## [To do]
Each line of the data must be given back verbatim, with pictures removed.

## [Data to examine]
'''
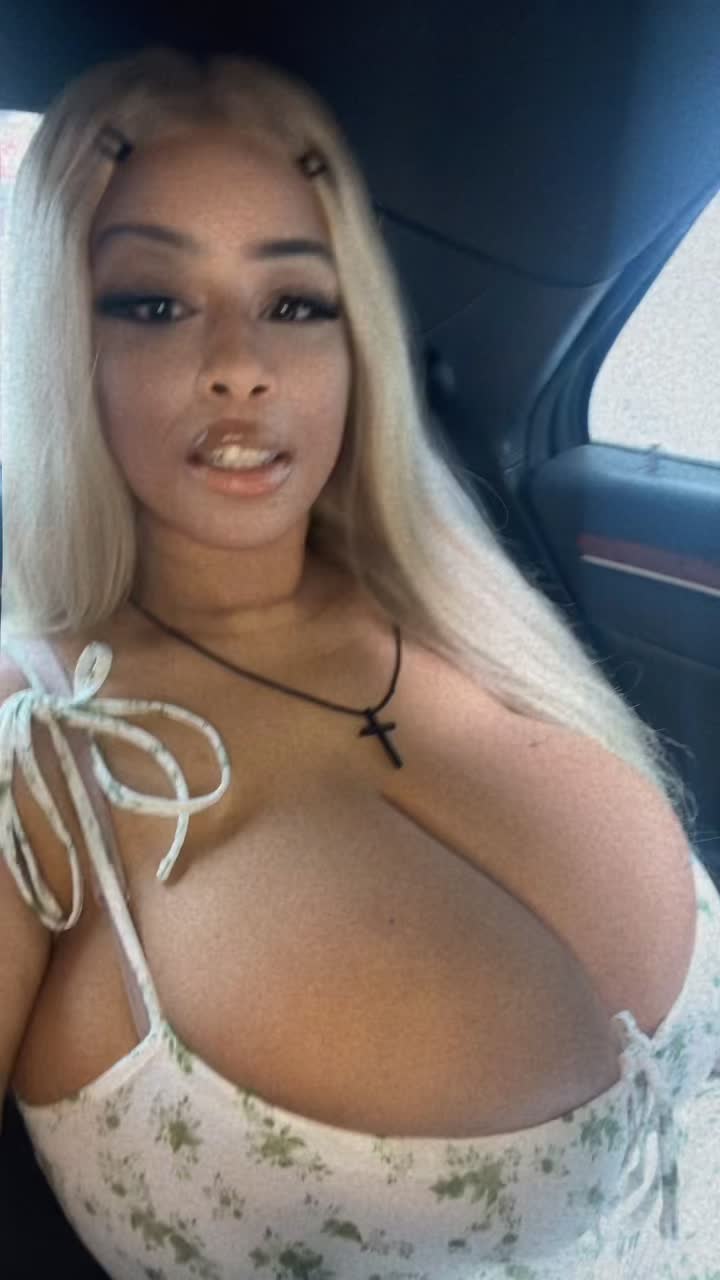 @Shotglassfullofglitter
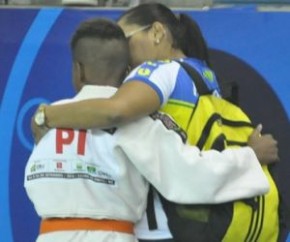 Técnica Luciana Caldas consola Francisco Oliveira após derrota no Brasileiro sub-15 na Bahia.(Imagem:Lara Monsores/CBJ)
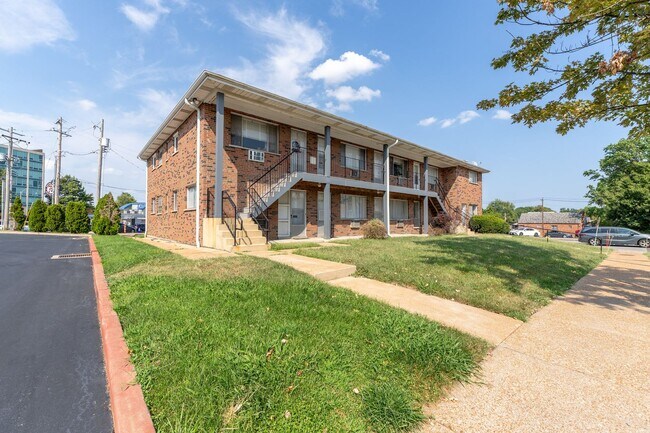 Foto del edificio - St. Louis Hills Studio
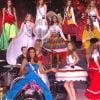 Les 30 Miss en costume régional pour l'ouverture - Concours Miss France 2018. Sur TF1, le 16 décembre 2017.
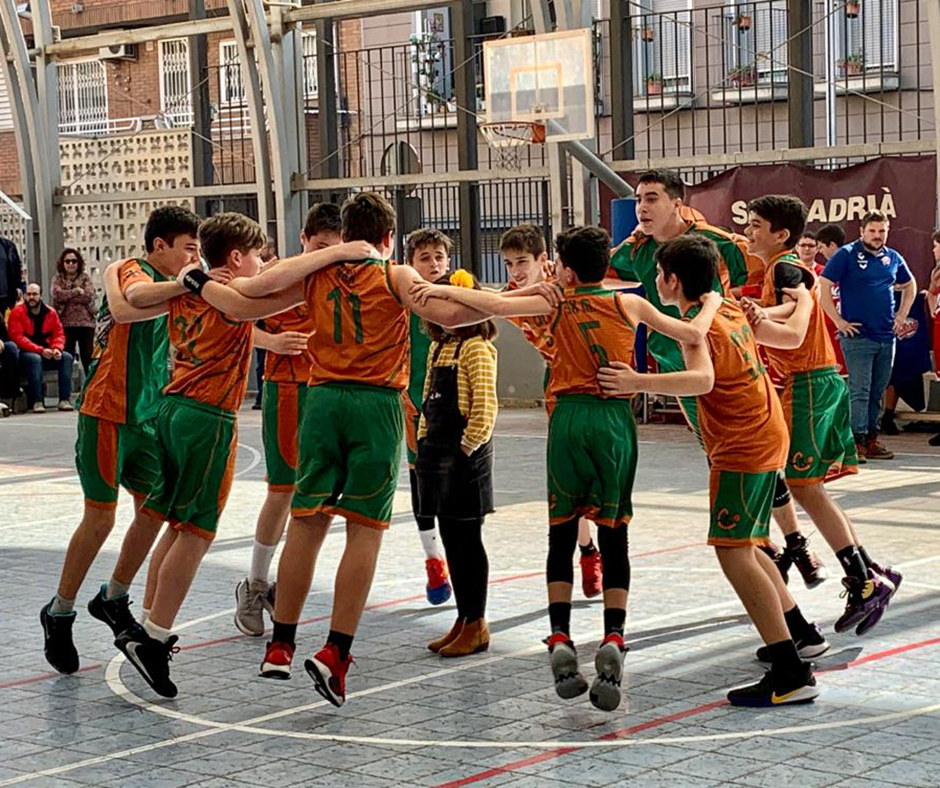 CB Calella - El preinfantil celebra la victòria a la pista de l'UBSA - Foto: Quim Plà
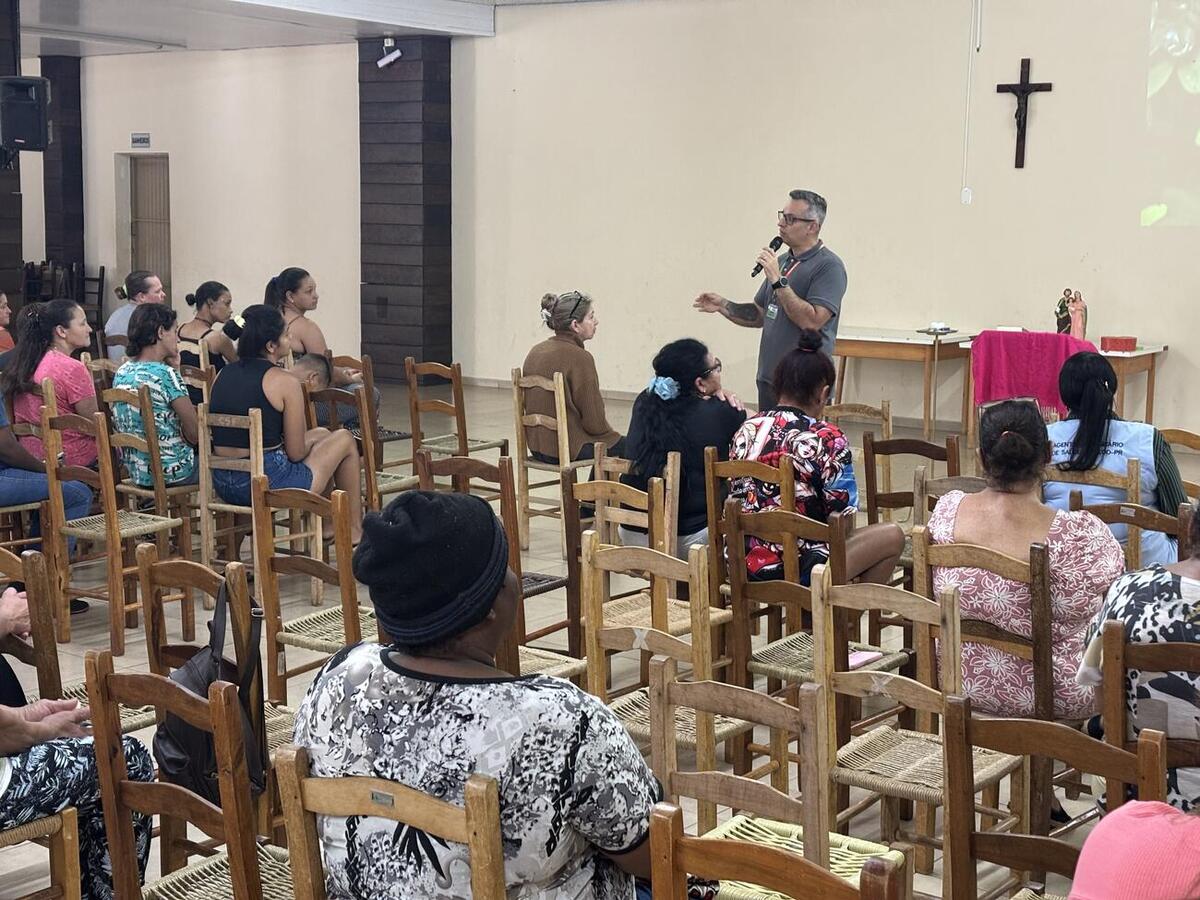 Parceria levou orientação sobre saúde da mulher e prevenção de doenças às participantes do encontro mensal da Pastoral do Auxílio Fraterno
'''
## [Solution to this task]
 @Shotglassfullofglitter
 Técnica Luciana Caldas consola Francisco Oliveira após derrota no Brasileiro sub-15 na Bahia.(Imagem:Lara Monsores/CBJ)
 Foto del edificio - St. Louis Hills Studio
 Les 30 Miss en costume régional pour l'ouverture - Concours Miss France 2018. Sur TF1, le 16 décembre 2017.
 CB Calella - El preinfantil celebra la victòria a la pista de l'UBSA - Foto: Quim Plà
 Parceria levou orientação sobre saúde da mulher e prevenção de doenças às participantes do encontro mensal da Pastoral do Auxílio Fraterno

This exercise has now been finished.